▸ **What is expected**: Copy out every line of the data exactly.

[Source data]
########################################

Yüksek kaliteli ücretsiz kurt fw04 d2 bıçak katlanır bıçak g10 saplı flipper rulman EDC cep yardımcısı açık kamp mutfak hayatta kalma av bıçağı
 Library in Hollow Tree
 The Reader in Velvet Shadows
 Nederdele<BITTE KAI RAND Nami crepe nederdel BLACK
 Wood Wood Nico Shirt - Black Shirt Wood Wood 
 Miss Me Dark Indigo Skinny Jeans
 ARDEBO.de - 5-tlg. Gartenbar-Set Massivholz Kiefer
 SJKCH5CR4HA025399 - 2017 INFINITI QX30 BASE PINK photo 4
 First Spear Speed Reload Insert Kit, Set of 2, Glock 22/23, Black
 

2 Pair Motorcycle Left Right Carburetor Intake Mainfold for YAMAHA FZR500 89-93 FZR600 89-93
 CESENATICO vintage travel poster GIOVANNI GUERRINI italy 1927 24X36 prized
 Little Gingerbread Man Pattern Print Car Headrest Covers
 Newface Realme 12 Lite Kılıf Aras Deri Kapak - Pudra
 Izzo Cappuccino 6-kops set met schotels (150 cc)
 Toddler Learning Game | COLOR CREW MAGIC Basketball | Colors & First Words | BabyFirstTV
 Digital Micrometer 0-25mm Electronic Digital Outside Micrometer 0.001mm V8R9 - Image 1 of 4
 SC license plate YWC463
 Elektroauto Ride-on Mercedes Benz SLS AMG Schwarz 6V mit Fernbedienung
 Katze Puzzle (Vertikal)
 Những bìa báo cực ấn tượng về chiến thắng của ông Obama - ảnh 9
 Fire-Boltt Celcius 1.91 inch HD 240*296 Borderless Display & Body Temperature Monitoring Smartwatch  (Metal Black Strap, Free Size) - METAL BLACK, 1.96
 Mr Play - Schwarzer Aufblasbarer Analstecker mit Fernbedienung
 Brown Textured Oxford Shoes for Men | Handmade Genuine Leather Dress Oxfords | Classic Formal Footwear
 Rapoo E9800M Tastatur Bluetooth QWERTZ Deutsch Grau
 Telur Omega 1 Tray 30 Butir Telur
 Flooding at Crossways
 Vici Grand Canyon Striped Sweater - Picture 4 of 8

########################################

▸ **Answer to this task**:
Yüksek kaliteli ücretsiz kurt fw04 d2 bıçak katlanır bıçak g10 saplı flipper rulman EDC cep yardımcısı açık kamp mutfak hayatta kalma av bıçağı
 Library in Hollow Tree
 The Reader in Velvet Shadows
 Nederdele<BITTE KAI RAND Nami crepe nederdel BLACK
 Wood Wood Nico Shirt - Black Shirt Wood Wood 
 Miss Me Dark Indigo Skinny Jeans
 ARDEBO.de - 5-tlg. Gartenbar-Set Massivholz Kiefer
 SJKCH5CR4HA025399 - 2017 INFINITI QX30 BASE PINK photo 4
 First Spear Speed Reload Insert Kit, Set of 2, Glock 22/23, Black
 

2 Pair Motorcycle Left Right Carburetor Intake Mainfold for YAMAHA FZR500 89-93 FZR600 89-93
 CESENATICO vintage travel poster GIOVANNI GUERRINI italy 1927 24X36 prized
 Little Gingerbread Man Pattern Print Car Headrest Covers
 Newface Realme 12 Lite Kılıf Aras Deri Kapak - Pudra
 Izzo Cappuccino 6-kops set met schotels (150 cc)
 Toddler Learning Game | COLOR CREW MAGIC Basketball | Colors & First Words | BabyFirstTV
 Digital Micrometer 0-25mm Electronic Digital Outside Micrometer 0.001mm V8R9 - Image 1 of 4
 SC license plate YWC463
 Elektroauto Ride-on Mercedes Benz SLS AMG Schwarz 6V mit Fernbedienung
 Katze Puzzle (Vertikal)
 Những bìa báo cực ấn tượng về chiến thắng của ông Obama - ảnh 9
 Fire-Boltt Celcius 1.91 inch HD 240*296 Borderless Display & Body Temperature Monitoring Smartwatch  (Metal Black Strap, Free Size) - METAL BLACK, 1.96
 Mr Play - Schwarzer Aufblasbarer Analstecker mit Fernbedienung
 Brown Textured Oxford Shoes for Men | Handmade Genuine Leather Dress Oxfords | Classic Formal Footwear
 Rapoo E9800M Tastatur Bluetooth QWERTZ Deutsch Grau
 Telur Omega 1 Tray 30 Butir Telur
 Flooding at Crossways
 Vici Grand Canyon Striped Sweater - Picture 4 of 8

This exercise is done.